══ Records ══
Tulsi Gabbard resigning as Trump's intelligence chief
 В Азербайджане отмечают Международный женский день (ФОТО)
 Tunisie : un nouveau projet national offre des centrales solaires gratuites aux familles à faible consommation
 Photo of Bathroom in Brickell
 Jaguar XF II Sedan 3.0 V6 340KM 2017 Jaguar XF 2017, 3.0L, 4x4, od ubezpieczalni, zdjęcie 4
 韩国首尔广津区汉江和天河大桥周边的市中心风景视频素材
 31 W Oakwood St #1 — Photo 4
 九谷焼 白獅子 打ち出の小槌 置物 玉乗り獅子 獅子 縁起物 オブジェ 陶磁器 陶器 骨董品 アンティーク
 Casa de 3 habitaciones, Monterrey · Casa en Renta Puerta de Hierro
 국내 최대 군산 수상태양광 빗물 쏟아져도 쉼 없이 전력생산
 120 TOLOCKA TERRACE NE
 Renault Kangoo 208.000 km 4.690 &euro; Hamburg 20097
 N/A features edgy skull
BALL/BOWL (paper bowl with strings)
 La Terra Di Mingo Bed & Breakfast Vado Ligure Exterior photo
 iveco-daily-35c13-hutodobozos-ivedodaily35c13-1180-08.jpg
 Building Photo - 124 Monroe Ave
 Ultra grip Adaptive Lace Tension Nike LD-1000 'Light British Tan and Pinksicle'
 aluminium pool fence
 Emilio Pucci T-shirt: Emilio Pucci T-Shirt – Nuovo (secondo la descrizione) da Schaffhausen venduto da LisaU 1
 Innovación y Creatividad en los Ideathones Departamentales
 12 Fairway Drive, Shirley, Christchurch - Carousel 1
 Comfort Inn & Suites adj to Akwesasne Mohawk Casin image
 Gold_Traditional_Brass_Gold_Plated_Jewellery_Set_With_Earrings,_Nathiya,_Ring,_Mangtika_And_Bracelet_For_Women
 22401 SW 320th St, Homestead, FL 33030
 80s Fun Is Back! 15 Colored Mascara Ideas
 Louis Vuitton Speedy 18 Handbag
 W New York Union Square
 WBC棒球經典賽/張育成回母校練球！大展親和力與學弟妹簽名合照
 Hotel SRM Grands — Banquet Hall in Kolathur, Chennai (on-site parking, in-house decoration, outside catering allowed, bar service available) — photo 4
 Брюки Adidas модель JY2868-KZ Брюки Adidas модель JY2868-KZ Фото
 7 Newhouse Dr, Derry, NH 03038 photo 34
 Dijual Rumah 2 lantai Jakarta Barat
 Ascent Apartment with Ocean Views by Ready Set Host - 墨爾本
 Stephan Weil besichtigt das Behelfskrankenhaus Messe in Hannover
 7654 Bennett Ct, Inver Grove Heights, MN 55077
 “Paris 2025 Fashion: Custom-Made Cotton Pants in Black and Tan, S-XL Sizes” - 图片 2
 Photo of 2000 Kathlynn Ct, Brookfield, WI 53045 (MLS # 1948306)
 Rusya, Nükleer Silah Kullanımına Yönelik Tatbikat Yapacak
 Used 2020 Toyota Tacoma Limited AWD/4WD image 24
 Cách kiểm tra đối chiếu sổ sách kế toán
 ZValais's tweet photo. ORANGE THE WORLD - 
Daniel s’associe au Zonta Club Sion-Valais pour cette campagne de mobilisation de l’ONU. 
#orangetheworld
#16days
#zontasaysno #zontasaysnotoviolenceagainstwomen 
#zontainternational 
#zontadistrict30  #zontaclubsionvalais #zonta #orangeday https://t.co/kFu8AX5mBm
═══
## Exercise objective
Find the line that contains "W New York Union Square" in the listing above. Retype it and every line after it up to the last, exactly, and nothing else.

## Answer space
 W New York Union Square
 WBC棒球經典賽/張育成回母校練球！大展親和力與學弟妹簽名合照
 Hotel SRM Grands — Banquet Hall in Kolathur, Chennai (on-site parking, in-house decoration, outside catering allowed, bar service available) — photo 4
 Брюки Adidas модель JY2868-KZ Брюки Adidas модель JY2868-KZ Фото
 7 Newhouse Dr, Derry, NH 03038 photo 34
 Dijual Rumah 2 lantai Jakarta Barat
 Ascent Apartment with Ocean Views by Ready Set Host - 墨爾本
 Stephan Weil besichtigt das Behelfskrankenhaus Messe in Hannover
 7654 Bennett Ct, Inver Grove Heights, MN 55077
 “Paris 2025 Fashion: Custom-Made Cotton Pants in Black and Tan, S-XL Sizes” - 图片 2
 Photo of 2000 Kathlynn Ct, Brookfield, WI 53045 (MLS # 1948306)
 Rusya, Nükleer Silah Kullanımına Yönelik Tatbikat Yapacak
 Used 2020 Toyota Tacoma Limited AWD/4WD image 24
 Cách kiểm tra đối chiếu sổ sách kế toán
 ZValais's tweet photo. ORANGE THE WORLD - 
Daniel s’associe au Zonta Club Sion-Valais pour cette campagne de mobilisation de l’ONU. 
#orangetheworld
#16days
#zontasaysno #zontasaysnotoviolenceagainstwomen 
#zontainternational 
#zontadistrict30  #zontaclubsionvalais #zonta #orangeday https://t.co/kFu8AX5mBm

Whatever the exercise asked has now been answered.